人質になった人々は、退避勧告が出ている危険地域に勝手に行って勝手に捕まった側面は否定できないわけで、国は退避勧告を出した時点で最低限の義理は果たしている。全力を出しているかどうかはともかく、国に責任をおっかぶせるような態度はどうよ?
少なくとも、自衛隊撤退は政治的選択肢とはなり得ないし、それをやったばあいに人質3人の命と天秤にかけられるのは、日本の国際的信用だ。極論すると、日本はテロリストのいいなりになる国だと判断されると言うこと。日本が、アメリカにとっての「柔らかい脇腹」だと認識されれば、この手の事件の焦点が日本に集中することは想像に難くない。ただメンツにこだわっているワケじゃない。
世界的な人道重視の潮流の中で人命の重さは年々ましていると言えるが、それでも、「人命は地球より重」かったことなど、人類の歴史において一度たりともない。

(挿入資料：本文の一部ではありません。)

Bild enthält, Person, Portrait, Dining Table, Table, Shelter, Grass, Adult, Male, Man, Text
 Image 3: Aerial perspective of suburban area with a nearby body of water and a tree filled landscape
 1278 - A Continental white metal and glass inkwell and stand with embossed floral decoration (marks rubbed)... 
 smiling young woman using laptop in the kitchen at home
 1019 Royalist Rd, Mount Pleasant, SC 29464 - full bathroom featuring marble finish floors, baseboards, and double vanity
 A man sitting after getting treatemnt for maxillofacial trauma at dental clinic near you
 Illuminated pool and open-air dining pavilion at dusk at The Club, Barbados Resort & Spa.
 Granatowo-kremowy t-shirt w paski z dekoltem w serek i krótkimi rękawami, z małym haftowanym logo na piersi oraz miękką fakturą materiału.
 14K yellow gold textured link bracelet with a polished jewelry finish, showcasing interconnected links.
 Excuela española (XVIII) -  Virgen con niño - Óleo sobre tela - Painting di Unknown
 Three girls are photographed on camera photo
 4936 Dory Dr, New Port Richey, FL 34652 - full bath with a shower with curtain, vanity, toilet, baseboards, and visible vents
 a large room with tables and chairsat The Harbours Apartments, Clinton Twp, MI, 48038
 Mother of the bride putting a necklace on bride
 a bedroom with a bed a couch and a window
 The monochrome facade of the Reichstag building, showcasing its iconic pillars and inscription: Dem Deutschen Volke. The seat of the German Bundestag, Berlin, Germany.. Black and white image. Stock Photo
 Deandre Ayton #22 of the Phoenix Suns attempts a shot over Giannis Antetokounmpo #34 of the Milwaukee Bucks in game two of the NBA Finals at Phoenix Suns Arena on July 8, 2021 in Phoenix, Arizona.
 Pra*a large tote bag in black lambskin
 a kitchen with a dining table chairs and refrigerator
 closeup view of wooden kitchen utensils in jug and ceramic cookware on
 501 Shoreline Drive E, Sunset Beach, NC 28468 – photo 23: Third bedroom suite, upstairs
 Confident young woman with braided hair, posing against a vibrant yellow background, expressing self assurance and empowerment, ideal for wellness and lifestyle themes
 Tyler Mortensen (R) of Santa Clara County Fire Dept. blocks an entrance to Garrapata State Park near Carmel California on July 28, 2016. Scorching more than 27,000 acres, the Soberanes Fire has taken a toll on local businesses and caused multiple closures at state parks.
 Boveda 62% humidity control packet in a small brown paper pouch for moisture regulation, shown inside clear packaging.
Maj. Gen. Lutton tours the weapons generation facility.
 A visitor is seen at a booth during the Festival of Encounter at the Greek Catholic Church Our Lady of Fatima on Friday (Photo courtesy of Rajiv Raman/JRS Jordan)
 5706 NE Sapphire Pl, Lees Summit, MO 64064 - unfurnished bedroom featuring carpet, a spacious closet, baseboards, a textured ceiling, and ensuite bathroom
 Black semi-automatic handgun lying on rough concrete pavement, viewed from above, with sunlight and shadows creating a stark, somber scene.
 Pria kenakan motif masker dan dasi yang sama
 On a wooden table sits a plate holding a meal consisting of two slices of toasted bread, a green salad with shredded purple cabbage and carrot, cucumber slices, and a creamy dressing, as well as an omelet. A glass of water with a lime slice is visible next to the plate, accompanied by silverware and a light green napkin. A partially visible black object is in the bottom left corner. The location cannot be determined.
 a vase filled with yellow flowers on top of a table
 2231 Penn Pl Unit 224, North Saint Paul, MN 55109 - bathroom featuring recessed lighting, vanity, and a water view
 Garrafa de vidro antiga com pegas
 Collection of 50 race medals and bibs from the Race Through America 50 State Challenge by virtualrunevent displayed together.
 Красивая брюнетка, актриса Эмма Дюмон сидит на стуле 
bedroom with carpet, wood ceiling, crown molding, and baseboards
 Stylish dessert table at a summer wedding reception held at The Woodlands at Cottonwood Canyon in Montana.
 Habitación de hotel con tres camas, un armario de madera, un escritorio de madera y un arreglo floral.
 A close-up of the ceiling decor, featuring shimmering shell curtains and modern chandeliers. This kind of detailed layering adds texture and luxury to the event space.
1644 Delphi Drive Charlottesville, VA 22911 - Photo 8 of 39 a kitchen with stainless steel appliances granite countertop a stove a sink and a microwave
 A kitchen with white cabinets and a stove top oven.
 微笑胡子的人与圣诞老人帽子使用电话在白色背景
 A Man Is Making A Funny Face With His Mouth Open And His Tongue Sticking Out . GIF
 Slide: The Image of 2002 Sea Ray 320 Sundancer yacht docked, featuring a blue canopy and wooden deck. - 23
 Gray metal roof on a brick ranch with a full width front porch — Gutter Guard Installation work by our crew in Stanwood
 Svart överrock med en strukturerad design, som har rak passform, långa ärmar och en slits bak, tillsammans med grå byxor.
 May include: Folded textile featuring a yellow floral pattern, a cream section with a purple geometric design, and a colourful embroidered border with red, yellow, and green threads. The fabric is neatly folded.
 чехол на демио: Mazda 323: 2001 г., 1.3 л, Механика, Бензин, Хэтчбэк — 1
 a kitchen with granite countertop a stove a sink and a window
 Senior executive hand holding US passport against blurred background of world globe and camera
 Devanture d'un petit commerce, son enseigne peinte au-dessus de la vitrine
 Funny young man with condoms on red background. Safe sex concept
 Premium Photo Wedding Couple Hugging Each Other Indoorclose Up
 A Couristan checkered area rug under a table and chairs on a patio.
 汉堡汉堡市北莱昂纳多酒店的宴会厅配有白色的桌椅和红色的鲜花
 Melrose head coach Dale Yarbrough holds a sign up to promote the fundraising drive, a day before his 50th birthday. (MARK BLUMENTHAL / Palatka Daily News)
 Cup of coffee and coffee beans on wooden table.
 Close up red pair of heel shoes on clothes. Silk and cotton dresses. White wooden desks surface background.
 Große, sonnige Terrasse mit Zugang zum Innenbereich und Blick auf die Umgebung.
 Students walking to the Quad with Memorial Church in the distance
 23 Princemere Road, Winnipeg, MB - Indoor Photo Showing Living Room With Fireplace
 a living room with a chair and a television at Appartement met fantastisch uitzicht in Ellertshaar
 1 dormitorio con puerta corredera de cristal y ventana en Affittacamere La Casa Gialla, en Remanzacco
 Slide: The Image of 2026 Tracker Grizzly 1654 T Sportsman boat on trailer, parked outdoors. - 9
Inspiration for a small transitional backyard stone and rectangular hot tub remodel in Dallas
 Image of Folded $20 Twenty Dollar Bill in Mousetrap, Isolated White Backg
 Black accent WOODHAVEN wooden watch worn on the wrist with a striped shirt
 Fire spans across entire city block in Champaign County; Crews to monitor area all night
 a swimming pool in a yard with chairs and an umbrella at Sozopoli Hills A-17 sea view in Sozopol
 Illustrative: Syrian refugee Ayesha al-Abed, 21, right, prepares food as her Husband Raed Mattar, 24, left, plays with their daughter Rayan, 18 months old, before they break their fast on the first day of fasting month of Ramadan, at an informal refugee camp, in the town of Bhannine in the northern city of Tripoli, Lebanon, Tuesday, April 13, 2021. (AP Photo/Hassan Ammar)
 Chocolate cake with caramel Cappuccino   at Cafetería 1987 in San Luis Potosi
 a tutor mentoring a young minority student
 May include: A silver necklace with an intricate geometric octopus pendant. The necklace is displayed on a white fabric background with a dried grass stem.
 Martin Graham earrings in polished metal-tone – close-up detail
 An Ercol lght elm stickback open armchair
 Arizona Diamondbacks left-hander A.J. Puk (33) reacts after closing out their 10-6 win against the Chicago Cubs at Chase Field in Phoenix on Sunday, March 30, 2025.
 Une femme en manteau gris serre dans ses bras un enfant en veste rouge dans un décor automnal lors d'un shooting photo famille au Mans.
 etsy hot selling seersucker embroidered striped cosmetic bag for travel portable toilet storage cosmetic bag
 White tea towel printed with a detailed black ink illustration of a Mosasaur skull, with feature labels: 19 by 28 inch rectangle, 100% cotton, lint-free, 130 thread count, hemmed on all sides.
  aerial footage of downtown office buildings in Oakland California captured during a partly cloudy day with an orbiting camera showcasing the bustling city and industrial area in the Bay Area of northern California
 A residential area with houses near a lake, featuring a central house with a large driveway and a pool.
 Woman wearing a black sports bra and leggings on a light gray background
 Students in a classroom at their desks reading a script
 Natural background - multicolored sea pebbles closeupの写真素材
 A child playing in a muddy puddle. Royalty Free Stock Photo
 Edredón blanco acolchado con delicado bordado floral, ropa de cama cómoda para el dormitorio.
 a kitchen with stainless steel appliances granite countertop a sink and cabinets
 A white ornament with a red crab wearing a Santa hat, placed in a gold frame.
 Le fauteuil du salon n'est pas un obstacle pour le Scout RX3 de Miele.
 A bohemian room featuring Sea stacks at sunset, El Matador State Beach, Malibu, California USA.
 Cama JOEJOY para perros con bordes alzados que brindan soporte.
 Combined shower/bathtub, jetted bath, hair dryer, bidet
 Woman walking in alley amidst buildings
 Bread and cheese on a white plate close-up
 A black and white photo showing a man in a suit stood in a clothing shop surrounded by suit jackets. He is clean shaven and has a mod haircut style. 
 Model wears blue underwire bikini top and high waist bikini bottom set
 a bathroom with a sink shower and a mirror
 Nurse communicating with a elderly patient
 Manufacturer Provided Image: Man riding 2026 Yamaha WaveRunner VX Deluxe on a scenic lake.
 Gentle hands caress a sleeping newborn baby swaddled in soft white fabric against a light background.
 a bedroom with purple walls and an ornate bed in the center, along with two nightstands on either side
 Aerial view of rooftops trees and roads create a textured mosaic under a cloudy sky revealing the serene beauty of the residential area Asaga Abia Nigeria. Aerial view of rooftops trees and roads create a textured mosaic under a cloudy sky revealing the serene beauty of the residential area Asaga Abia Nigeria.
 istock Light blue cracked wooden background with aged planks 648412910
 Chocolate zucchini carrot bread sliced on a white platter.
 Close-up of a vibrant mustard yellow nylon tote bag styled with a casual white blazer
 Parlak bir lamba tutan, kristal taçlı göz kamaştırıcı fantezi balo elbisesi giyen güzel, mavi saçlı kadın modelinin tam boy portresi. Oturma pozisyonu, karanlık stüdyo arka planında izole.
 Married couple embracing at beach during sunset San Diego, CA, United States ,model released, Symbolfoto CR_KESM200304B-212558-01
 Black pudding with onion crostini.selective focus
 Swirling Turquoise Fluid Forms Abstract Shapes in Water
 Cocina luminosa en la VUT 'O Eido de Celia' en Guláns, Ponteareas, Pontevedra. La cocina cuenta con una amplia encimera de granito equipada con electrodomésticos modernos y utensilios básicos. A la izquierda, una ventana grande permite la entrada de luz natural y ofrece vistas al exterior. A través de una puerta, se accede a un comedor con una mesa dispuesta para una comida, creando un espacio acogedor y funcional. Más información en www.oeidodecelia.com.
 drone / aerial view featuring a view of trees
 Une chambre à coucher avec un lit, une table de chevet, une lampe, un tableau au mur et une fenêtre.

  • 日本は、海外の人質事件に派遣できる緊急対応部隊をもっていない。

ここで言うのは、SAS・GSG9といった対テロ特殊作戦ユニットのこと。これは、必ずしもそういった部隊がいないというわけではなく、そういう部隊を海外派遣する法制もないし、展開能力(輸送や下準備としての外交調整能力)ももっていないということ。
この事件が、たとえばドイツやイギリスで起きたなら、現地政府に対応を委ねることも出来るが、イラクに限らず政府に対応能力のない国・地域で同様の事件があった場合、最終的に日本政府が対応する必要が出てくるだろう。国内でのテロ対応は、仮に警察警備体制の強化で対応できるとしても、海外事件に対する対応はまだまだ未整備で、今後重要な問題になってくると思われる。

別段、人質になっている人たちが帰ってこなくていいというつもりは毛頭無いし、外交的な交渉で解放されるならそれに越したことはない。
とは言え、スペインの列車爆破テロやイラク国内における反米軍事行動が関係各国へシフトしている情勢を考えると、起こるべくして起こった事件であって、拘束された人々の危機認識が甘かった部分も否定できないと思う。
少なからぬイラク人にとっては、日本であろうとカナダであろうとカザフスタンであろうと、多かれ少なかれ自分の国に攻め込んできた「侵略者」として見られているのだから。